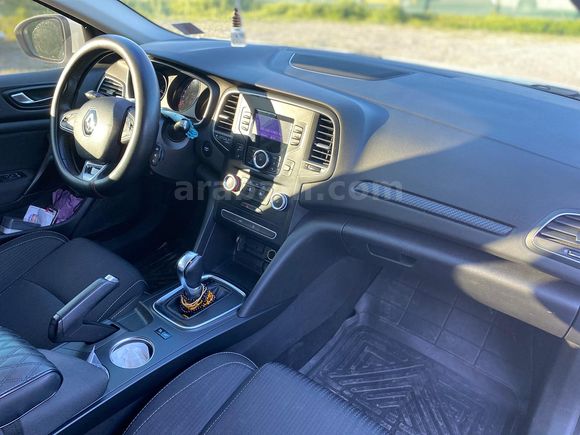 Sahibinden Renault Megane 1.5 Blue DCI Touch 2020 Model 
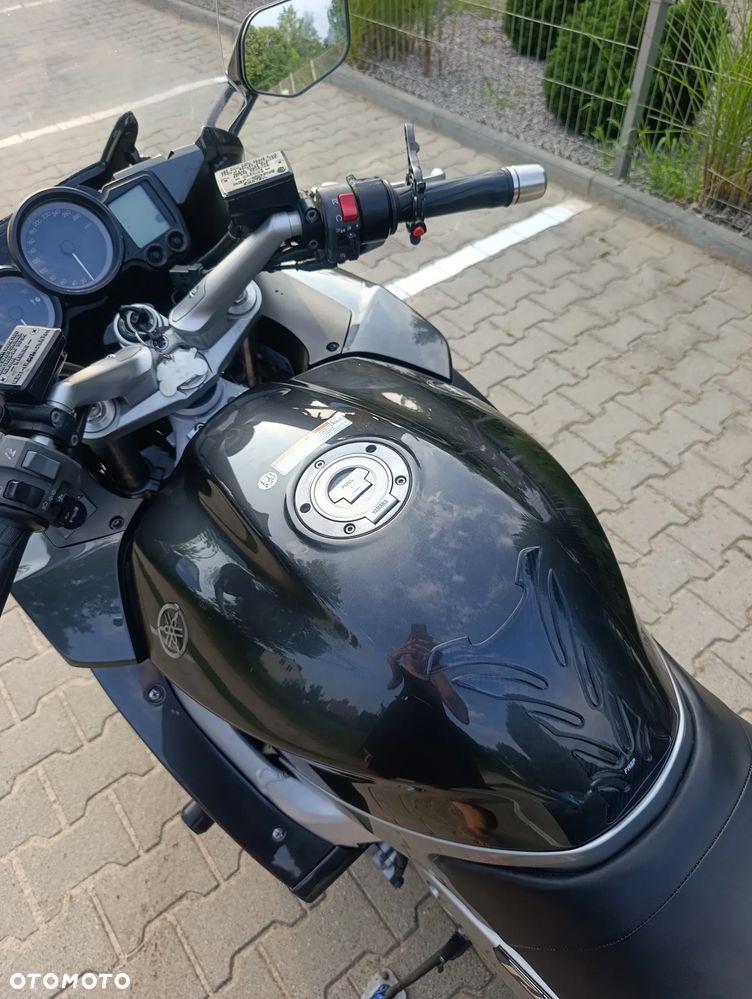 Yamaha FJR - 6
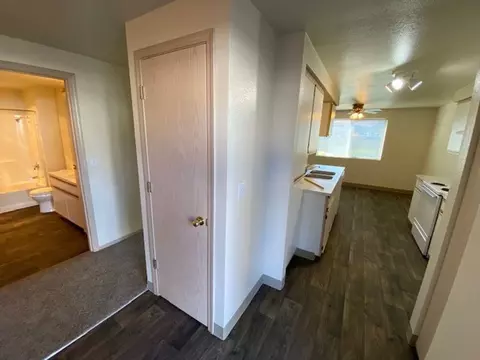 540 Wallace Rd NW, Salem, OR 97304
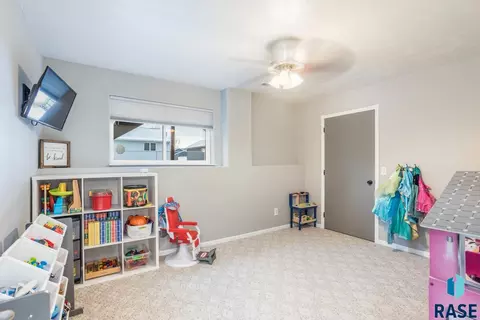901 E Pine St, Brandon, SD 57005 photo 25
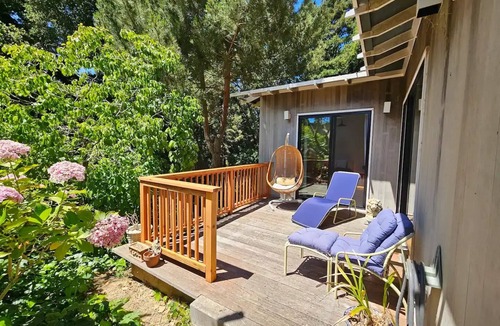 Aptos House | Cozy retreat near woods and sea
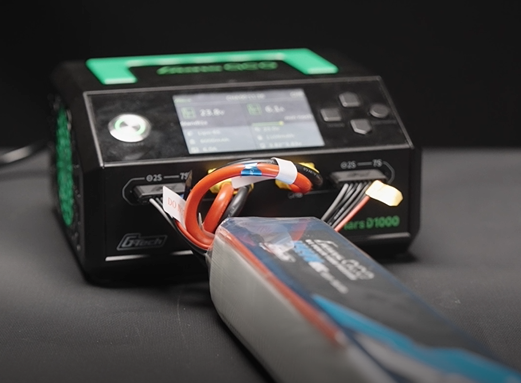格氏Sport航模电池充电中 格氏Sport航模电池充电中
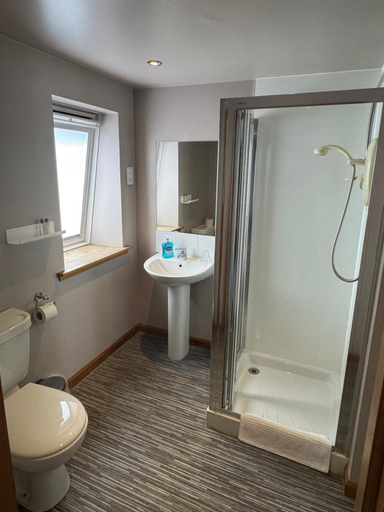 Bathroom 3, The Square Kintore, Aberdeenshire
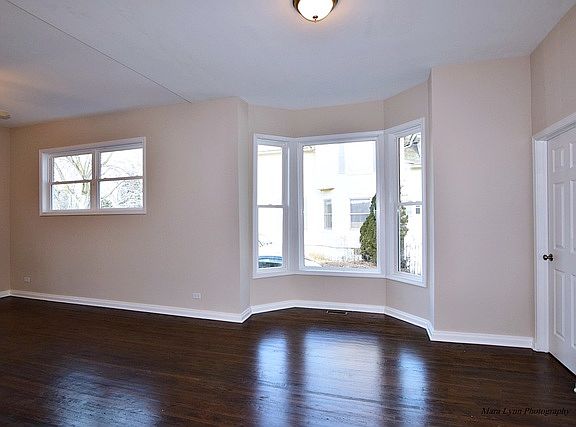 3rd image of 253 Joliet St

## [EXERCISE BRIEF]
Your answer must be an exact copy of the records, without the pictures.

## [TASK OUTPUT]
 Sahibinden Renault Megane 1.5 Blue DCI Touch 2020 Model 
 Yamaha FJR - 6
 540 Wallace Rd NW, Salem, OR 97304
901 E Pine St, Brandon, SD 57005 photo 25
 Aptos House | Cozy retreat near woods and sea
格氏Sport航模电池充电中 格氏Sport航模电池充电中
 Bathroom 3, The Square Kintore, Aberdeenshire
 3rd image of 253 Joliet St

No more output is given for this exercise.